Coded Bias also follows Buolamwini as she meets with a tenants organizing group in Brownsville, Brooklyn, made up mostly of black women who are fighting their landlords’ move to put in a facial recognition building access system alongside the key-fob system that is already in place. In this building, the primarily black and brown tenants are already being tracked by surveillance systems once they’re inside, and cited for any behaviors that building management doesn’t like. This Brownsville Big Brother situation brings up the phenomenon of how the most liberty-denying technologies come to the most marginalized communities first, where poor black people serve as guinea pigs—you could even say regulatory bodies, literally—for new technology.
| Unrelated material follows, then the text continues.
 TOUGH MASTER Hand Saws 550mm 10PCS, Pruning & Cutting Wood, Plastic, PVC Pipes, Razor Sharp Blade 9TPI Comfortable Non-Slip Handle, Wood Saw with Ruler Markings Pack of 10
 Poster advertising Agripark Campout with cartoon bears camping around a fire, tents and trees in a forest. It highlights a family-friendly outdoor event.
The tenants fight back, with both elders and young residents coming together with Buolamwini to challenge incursions on their privacy and freedom.
But, as the documentary makes clear, even with small-scale community interventions like these, the U.S. is no better off than China, which famously engages in almost ubiquitous surveillance of its citizens with the “social credit” system that scores—and thus rewards or punishes—citizens based on their public actions. In fact, one researcher points out, the only difference between China and the U.S. on surveillance is that China is actually transparent about its scoring system. In the U.S., we also give citizens and residents “social credit” scores, it’s just that those scores are typically hidden from us. If you have trouble getting a mortgage or car insurance, that’s because of how various private companies and even the government have tracked and scored you. If you can’t manage to get interviews for jobs that you’re clearly qualified for, it may be because human resources departments are using biased AI to screen résumés (when Amazon employed it, women were excluded and only men were hired). If you’re on a watchlist even though you’ve never been convicted of any crime or engaged in any violent behaviors, that’s because some algorithm or tracking system gave you a score.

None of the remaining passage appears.